According to the Australian Retirement Trust, men aged 35–44 have an average balance of about $107,700, while women of the same age average $76,900. By the mid-50s, those averages rise to roughly $240,000 and $180,000, respectively.

At first glance, that sounds like progress. Super balances have been growing steadily for decades, reflecting higher compulsory contributions, stronger markets, and greater financial literacy. 

Yet, viewed through the lens of a longer life and rising living costs, those numbers paint a more sobering picture.

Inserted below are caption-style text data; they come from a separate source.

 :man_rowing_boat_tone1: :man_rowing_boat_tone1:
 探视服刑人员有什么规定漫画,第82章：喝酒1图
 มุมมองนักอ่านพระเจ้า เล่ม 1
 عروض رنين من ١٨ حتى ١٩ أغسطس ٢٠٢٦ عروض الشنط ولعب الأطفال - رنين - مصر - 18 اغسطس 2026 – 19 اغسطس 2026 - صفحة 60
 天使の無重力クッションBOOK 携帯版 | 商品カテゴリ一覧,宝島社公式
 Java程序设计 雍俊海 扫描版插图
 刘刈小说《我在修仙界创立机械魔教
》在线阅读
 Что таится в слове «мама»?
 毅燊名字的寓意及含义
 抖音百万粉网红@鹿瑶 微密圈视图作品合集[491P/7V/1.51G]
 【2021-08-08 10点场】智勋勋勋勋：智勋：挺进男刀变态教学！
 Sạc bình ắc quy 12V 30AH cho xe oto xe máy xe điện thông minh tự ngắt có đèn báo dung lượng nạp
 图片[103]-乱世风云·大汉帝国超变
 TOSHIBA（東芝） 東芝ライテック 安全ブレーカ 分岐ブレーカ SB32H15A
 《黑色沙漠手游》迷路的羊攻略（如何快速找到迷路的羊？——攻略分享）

The gap between where we are and where we need to be

Australians are living longer than ever. The average 65-year-old today can expect to live well into their 80s, according to ABS data. That means super must last for 20 to 30 years or more, covering not just day-to-day living but also healthcare, housing, and lifestyle expenses.

The Association of Superannuation Funds of Australia (ASFA) estimates that a “comfortable” retirement requires a balance of around $690,000 for couples or $595,000 for singles. That’s well above where the majority of Australians currently sit.

The reality is that the median balance (the midpoint rather than the mean/average) is much lower. 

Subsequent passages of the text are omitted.